If it's a product (like outer join) then join : {X} -> X, but that's not really what we're seeing since it's more like join : X -> X. I agree with @crisptrutski that it's more of a closure-like operator. But that isn't quite the right idea either since we expect closure to be idempotent, join . join = join, but that's not true

user=> (join #{#{1 2} #{3 4} #{5 6}})
#{#{4 3} #{4 6 3 5} #{1 4 3 2} #{6 5} #{1 6 2 5} #{1 2}}
user=> (join (join #{#{1 2} #{3 4} #{5 6}}))
#{#{4 3} #{4 6 3 5} #{1 4 3 2} #{1 4 6 3 2 5} #{6 5} #{1 6 2 5} #{1 2}}

But this might just be a bug in join? Do you actually mean it to be

(defn join1 [sets]
  (->> (all-pairs sets)
       (filter (partial apply disjoint?))
       (map (partial apply clojure.set/union))
       set
       (clojure.set/union sets))

iterated until stable?
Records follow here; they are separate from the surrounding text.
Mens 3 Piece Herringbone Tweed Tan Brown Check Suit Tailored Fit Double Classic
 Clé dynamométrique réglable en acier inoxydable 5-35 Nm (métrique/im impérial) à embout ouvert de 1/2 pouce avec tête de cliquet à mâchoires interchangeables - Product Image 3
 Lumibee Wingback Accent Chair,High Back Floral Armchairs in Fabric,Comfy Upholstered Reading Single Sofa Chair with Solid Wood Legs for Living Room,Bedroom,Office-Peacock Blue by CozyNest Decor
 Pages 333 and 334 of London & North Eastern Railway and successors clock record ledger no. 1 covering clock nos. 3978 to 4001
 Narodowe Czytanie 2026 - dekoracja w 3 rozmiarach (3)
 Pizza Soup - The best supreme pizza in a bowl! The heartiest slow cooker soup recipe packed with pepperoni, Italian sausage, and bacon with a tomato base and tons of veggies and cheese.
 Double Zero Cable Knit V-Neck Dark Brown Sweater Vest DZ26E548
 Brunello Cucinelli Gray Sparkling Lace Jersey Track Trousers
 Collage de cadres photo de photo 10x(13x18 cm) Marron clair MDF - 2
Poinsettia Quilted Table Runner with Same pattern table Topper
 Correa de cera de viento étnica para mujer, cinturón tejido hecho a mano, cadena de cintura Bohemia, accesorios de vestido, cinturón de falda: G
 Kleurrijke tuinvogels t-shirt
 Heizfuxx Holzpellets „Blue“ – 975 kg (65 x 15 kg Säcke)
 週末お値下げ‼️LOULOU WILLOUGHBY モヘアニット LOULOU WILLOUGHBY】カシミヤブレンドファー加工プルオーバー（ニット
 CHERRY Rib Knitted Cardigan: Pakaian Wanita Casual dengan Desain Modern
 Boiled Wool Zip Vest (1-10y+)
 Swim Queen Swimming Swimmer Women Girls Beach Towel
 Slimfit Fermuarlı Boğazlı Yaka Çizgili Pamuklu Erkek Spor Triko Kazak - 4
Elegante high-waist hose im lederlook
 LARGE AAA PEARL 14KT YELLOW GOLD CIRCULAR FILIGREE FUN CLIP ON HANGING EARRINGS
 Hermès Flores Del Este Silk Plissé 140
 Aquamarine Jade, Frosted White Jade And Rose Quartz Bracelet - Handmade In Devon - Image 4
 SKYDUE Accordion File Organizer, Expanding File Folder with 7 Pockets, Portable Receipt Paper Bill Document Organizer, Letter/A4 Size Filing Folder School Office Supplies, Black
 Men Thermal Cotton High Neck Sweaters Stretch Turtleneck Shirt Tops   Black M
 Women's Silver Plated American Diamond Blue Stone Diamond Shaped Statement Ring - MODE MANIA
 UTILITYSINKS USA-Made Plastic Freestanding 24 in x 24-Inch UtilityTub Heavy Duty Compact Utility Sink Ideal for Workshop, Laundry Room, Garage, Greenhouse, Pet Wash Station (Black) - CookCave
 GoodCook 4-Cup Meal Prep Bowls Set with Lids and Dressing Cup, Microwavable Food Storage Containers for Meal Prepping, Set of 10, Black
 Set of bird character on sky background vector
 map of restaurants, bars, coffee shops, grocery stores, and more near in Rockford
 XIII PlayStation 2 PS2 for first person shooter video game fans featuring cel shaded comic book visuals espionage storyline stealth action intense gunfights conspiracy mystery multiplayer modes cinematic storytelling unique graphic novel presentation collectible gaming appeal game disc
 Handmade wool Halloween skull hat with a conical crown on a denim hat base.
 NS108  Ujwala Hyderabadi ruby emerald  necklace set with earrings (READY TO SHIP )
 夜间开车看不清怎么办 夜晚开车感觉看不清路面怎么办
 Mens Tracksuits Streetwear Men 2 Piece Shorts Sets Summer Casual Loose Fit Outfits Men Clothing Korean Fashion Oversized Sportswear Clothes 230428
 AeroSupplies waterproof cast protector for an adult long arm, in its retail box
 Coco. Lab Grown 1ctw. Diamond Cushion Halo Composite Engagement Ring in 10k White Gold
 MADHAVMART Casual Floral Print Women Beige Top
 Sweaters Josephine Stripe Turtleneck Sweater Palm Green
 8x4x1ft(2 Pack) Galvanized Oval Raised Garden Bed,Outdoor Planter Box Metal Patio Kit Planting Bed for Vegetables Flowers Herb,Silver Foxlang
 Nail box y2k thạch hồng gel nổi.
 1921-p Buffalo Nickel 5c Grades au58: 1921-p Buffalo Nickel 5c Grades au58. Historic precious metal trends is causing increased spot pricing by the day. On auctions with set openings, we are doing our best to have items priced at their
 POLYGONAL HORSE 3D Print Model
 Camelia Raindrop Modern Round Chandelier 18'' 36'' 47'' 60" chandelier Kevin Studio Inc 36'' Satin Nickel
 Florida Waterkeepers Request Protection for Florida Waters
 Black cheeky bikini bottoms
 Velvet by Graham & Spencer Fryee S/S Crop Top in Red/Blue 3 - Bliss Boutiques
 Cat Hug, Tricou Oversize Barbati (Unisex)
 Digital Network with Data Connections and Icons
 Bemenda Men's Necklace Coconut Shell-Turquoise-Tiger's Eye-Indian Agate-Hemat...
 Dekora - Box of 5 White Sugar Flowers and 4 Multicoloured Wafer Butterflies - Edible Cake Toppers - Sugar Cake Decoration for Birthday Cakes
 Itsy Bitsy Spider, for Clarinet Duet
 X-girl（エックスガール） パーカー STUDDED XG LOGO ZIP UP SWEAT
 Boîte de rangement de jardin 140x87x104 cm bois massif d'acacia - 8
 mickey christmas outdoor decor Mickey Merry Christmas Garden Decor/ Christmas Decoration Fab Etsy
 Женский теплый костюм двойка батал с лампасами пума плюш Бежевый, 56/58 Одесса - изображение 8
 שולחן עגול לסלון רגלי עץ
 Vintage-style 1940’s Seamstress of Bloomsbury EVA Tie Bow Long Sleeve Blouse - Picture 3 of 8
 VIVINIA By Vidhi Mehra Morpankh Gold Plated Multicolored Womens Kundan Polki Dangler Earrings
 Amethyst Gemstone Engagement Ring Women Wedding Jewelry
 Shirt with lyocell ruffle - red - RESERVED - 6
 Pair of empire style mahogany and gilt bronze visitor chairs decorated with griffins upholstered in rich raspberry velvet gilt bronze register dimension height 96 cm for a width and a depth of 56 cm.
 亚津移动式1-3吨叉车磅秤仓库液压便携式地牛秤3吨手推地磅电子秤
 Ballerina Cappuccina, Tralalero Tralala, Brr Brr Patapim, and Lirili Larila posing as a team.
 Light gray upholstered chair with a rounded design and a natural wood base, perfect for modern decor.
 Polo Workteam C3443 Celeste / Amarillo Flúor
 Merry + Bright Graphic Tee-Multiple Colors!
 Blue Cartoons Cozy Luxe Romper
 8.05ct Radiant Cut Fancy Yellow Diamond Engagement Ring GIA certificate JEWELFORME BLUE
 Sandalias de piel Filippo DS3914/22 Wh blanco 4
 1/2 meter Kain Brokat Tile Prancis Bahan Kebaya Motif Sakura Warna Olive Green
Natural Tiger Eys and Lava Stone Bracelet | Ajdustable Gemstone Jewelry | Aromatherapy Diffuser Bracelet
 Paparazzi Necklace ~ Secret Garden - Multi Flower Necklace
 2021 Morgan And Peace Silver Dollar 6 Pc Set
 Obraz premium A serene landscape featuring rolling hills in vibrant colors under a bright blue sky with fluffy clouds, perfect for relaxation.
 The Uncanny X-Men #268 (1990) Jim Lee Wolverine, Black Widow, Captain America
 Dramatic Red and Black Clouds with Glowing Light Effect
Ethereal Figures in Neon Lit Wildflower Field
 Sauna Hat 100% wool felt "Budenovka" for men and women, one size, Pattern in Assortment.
That's clearly a closure operation if it ever stabilizes. Does it necessarily stabilize? Yes, since it clearly adds no more elements than (->> sets all-pairs (map #(apply union %)) set (union sets)) which just "completes the union/contains lattice" and it's easy to prove termination.

So if my fix is right then you could say it's the closure under "non-touching unions".